In [None]:
import os, time
import csv
import pyroomacoustics as pra
import numpy as np
from pathlib import Path
from datetime import timedelta
import torchaudio
from fastai.callback.all import *
from fastai.optimizer import Lookahead, Adam

In [None]:
def lookahead_adamw(params, **kwargs):
    kwargs['decouple_wd'] = True
    return Lookahead(Adam(params, **kwargs), k=6, alpha=0.5)

In [None]:
class EpochTracker(Callback):
    """
    Tracks epoch count, lr_max and per-epoch metrics.
    Saves to disk after every epoch for clean resume after failure.
    
    Files:
      tracker_fname — epochs_done, lr_max (for resume)
      log_fname     — full per-epoch metrics CSV
    
    Order=60 ensures this runs after Recorder(order=50) so
    recorder.values[-1] is fully populated when after_epoch fires.
    """
    order = 60

    def __init__(self, lr_max=0, total_epochs=200,
                 tracker_fname='training_stats/epoch_tracker.txt',
                 log_fname='training_stats/training_log.csv'):
        self.saved_lr_max  = lr_max
        self.total_epochs  = total_epochs
        self.tracker_fname = tracker_fname
        self.log_fname     = log_fname
        self.epochs_done, self.saved_lr_max = self._load_tracker()
        self._init_log()

    def _load_tracker(self):
        try:
            with open(self.tracker_fname, 'r') as f:
                parts = f.read().strip().split(',')
                epochs = int(parts[0])
                lr_max = float(parts[1]) if len(parts) > 1 else self.saved_lr_max
                return epochs, lr_max
        except:
            return 0, self.saved_lr_max

    def _save_tracker(self):
        os.makedirs(os.path.dirname(self.tracker_fname), exist_ok=True)
        with open(self.tracker_fname, 'w') as f:
            f.write(f"{self.epochs_done},{self.saved_lr_max}")

    def _init_log(self):
        os.makedirs(os.path.dirname(self.log_fname), exist_ok=True)
        if not Path(self.log_fname).exists():
            with open(self.log_fname, 'w', newline='') as f:
                csv.writer(f).writerow([
                    'epoch',
                    'train_loss',
                    'valid_loss',
                    'sisnr_db',
                    'noise_removed_percentage',
                    'current_lr',
                    'lr_max',
                    'epoch_elapsed_time'
                ])

    def before_epoch(self):
        self._epoch_start = time.time()
        set_epoch_seed(self.epochs_done)

    def after_epoch(self):
        """
        Runs after Recorder.after_epoch (order=50) so recorder.values[-1]
        is fully populated with [train_loss, valid_loss, sisnr_db, noise_removed_%]
        """
        elapsed  = time.time() - self._epoch_start
        self.epochs_done += 1

        recorder = self.learn.recorder

        # recorder.values[-1] layout (confirmed from debug output):
        # [train_loss, valid_loss, sisnr_db, noise_removed_%]
        vals = recorder.values[-1] if recorder.values else []

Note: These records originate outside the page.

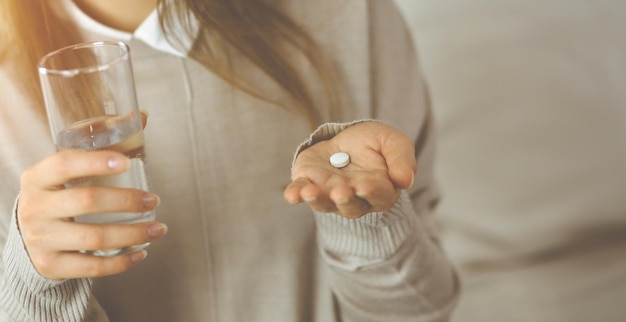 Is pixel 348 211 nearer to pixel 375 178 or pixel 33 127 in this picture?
pixel 375 178

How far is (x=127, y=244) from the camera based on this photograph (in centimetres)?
43

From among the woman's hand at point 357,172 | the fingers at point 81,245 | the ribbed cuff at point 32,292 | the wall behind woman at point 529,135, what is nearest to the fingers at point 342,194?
the woman's hand at point 357,172

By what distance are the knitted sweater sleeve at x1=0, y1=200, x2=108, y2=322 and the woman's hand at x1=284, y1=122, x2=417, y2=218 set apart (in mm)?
207

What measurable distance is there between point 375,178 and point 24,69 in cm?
36

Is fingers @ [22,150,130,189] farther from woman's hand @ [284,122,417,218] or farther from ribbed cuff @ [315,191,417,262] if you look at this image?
ribbed cuff @ [315,191,417,262]

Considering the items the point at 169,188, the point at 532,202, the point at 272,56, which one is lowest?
the point at 532,202

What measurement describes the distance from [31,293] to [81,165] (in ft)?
0.52

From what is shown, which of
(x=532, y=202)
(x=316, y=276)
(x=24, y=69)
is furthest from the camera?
(x=532, y=202)

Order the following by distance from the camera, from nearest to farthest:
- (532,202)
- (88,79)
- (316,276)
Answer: (88,79)
(316,276)
(532,202)

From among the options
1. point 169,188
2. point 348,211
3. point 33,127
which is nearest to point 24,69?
point 33,127

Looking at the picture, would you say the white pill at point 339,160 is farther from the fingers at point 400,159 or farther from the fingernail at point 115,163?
the fingernail at point 115,163

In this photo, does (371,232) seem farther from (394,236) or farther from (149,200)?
(149,200)

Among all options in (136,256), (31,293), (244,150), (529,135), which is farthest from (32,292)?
(529,135)

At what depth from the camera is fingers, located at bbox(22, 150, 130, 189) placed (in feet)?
1.31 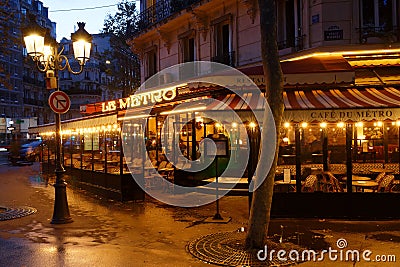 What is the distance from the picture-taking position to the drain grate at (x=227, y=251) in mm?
7418

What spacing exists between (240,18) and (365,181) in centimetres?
807

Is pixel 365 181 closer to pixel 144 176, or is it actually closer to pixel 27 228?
pixel 144 176

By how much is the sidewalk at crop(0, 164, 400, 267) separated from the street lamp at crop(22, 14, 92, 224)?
49 cm

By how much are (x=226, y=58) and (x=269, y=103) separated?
32.6 feet

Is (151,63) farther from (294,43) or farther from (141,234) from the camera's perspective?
(141,234)

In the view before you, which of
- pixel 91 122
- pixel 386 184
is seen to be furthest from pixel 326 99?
pixel 91 122

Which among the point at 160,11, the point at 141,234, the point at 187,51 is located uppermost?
the point at 160,11

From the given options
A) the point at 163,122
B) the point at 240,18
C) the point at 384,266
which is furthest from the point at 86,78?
the point at 384,266

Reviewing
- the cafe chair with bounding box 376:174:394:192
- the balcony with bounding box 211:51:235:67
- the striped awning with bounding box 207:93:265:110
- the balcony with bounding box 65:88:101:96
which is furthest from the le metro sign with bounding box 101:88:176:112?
the balcony with bounding box 65:88:101:96

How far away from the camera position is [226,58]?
17.6 metres

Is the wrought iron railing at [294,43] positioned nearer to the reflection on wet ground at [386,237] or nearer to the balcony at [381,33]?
the balcony at [381,33]

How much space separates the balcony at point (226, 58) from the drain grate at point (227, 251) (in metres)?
9.32

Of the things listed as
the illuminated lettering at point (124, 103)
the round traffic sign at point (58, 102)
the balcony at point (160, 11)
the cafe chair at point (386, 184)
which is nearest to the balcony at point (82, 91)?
the balcony at point (160, 11)

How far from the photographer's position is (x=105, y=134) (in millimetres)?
17297
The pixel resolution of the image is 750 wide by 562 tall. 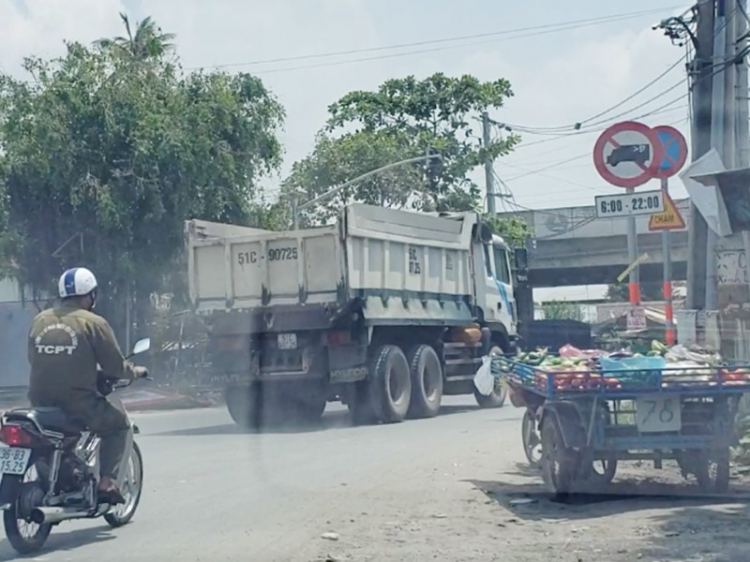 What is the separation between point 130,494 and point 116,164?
67.0 ft

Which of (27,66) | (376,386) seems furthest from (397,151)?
(376,386)

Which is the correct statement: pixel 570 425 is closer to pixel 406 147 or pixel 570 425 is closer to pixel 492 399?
pixel 492 399

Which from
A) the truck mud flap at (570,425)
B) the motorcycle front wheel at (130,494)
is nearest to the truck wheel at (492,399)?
the truck mud flap at (570,425)

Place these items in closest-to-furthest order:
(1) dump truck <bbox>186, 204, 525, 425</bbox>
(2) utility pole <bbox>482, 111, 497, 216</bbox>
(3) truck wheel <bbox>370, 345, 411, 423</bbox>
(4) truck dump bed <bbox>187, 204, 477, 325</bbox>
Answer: (4) truck dump bed <bbox>187, 204, 477, 325</bbox>, (1) dump truck <bbox>186, 204, 525, 425</bbox>, (3) truck wheel <bbox>370, 345, 411, 423</bbox>, (2) utility pole <bbox>482, 111, 497, 216</bbox>

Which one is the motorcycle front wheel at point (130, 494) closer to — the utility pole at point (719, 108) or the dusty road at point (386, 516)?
the dusty road at point (386, 516)

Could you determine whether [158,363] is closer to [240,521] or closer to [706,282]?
[706,282]

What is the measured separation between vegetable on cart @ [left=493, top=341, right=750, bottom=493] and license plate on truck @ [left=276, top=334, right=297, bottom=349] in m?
7.92

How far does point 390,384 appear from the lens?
59.4 feet

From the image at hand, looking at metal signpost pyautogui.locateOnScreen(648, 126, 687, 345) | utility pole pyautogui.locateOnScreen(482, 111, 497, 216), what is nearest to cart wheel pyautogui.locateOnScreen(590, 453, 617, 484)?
metal signpost pyautogui.locateOnScreen(648, 126, 687, 345)

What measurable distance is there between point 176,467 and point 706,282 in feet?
19.9

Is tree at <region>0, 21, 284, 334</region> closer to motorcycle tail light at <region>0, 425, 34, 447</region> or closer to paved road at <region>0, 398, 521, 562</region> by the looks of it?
paved road at <region>0, 398, 521, 562</region>

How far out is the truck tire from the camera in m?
18.8

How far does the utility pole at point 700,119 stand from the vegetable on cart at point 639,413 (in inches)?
173

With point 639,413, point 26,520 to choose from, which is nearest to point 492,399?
point 639,413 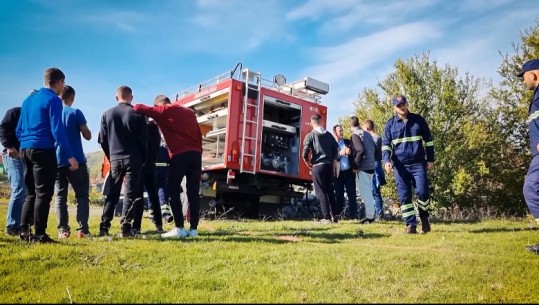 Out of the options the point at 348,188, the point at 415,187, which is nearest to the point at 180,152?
the point at 415,187

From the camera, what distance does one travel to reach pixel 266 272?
10.8ft

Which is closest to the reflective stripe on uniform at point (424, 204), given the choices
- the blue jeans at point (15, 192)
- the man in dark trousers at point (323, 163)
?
the man in dark trousers at point (323, 163)

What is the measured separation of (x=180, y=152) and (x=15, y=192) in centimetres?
233

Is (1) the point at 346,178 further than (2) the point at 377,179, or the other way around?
(1) the point at 346,178

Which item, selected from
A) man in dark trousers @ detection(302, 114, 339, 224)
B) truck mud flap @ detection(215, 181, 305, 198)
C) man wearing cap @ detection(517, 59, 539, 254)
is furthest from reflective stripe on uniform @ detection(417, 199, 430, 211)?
truck mud flap @ detection(215, 181, 305, 198)

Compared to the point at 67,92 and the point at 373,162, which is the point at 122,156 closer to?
the point at 67,92

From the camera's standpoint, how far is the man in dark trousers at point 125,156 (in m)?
5.52

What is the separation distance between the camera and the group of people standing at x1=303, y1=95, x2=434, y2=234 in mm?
6164

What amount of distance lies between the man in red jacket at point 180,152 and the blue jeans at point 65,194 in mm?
1156

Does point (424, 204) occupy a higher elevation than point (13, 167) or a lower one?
lower

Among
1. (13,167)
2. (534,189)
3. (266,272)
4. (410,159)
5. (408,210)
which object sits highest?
(410,159)

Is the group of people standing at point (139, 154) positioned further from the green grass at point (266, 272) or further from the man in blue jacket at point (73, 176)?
the green grass at point (266, 272)

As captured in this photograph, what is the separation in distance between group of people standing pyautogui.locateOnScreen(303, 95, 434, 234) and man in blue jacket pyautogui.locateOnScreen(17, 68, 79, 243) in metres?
4.39

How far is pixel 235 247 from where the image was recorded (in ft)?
15.0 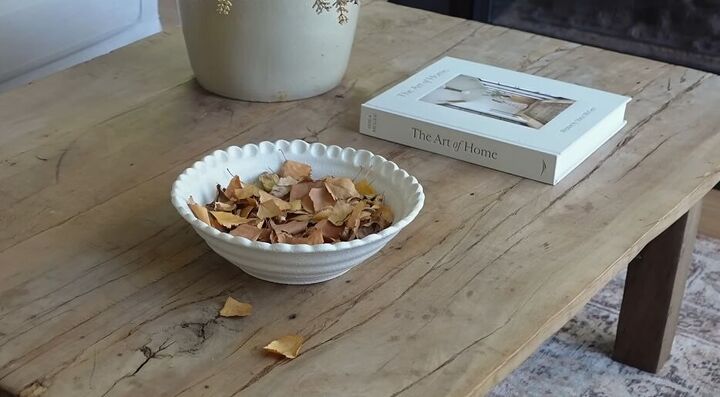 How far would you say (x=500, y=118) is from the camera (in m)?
1.25

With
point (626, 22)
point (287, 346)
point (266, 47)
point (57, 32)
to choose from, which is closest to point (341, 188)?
point (287, 346)

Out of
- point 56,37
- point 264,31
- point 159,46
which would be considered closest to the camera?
point 264,31

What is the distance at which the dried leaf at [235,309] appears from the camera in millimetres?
919

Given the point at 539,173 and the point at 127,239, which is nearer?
the point at 127,239

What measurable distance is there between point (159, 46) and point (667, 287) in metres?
0.85

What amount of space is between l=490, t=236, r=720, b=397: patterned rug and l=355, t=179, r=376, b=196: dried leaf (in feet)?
1.80

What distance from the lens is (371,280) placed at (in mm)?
984

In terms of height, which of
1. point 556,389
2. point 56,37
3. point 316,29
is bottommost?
point 556,389

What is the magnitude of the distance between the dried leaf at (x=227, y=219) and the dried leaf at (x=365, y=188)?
0.46ft

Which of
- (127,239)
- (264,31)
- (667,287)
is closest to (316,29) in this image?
(264,31)

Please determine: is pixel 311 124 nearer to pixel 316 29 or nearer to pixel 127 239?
pixel 316 29

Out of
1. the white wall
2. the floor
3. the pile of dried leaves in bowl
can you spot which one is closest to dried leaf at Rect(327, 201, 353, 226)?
the pile of dried leaves in bowl

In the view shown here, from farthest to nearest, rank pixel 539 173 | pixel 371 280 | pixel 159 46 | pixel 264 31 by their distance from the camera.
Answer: pixel 159 46
pixel 264 31
pixel 539 173
pixel 371 280

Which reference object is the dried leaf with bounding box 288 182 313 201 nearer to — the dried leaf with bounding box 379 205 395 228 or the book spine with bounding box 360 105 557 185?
the dried leaf with bounding box 379 205 395 228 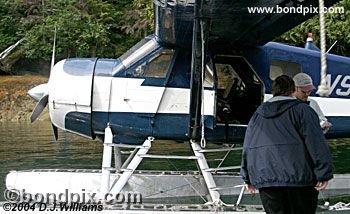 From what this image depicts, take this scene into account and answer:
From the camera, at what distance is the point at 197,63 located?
6.04m

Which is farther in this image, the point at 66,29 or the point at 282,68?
the point at 66,29

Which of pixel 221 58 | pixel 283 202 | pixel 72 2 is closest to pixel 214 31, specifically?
pixel 221 58

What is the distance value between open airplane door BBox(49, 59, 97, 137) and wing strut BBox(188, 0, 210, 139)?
1.16 metres

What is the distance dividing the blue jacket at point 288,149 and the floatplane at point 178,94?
88.2 inches

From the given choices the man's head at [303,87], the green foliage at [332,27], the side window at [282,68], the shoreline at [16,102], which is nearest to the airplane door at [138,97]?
the side window at [282,68]

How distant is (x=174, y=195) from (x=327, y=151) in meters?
4.00

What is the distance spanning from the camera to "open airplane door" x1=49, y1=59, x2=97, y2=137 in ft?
20.7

        train_loss    = vals[0] if len(vals) > 0 else None
        valid_loss    = vals[1] if len(vals) > 1 else None
        sisnr_db      = vals[2] if len(vals) > 2 else None
        noise_removed = vals[3] if len(vals) > 3 else None

        current_lr = self.learn.opt.hypers[-1]['lr'] if self.learn.opt else None

        with open(self.log_fname, 'a', newline='') as f:
            csv.writer(f).writerow([
                self.epochs_done,
                f"{train_loss:.6f}"    if train_loss     is not None else '',
                f"{valid_loss:.6f}"    if valid_loss     is not None else '',
                f"{sisnr_db:.6f}"      if sisnr_db       is not None else '',
                f"{noise_removed:.6f}" if noise_removed  is not None else '',
                f"{current_lr}"        if current_lr     is not None else '',
                f"{self.saved_lr_max}",
                f"{timedelta(seconds=elapsed)}"
            ])

        self._save_tracker()

In [None]:
class SISNRDiagnostic(Callback):
    """
    Computes manual SI-SNR on validation batch after each epoch
    and writes to file for monitoring without interrupting training.
    """
    def __init__(self, fname='training_stats/sisnr_diagnostic.csv', every_n=1):
        self.fname   = fname
        self.every_n = every_n
        self._init_file()

    def _init_file(self):
        os.makedirs(os.path.dirname(self.fname), exist_ok=True)
        if not Path(self.fname).exists():
            with open(self.fname, 'w', newline='') as f:
                csv.writer(f).writerow([
                    'epoch',
                    'sisnr_sample_0', 'sisnr_sample_1',
                    'sisnr_sample_2', 'sisnr_sample_3',
                    'sisnr_mean',
                    'pred_min', 'pred_max',
                    'pred_power_mean', 'targ_power_mean',
                    'power_ratio'
                ])

    def after_epoch(self):
        if self.epoch % self.every_n != 0:
            return
        try:
            self.learn.model.eval()
            xb, yb = self.learn.dls.valid.one_batch()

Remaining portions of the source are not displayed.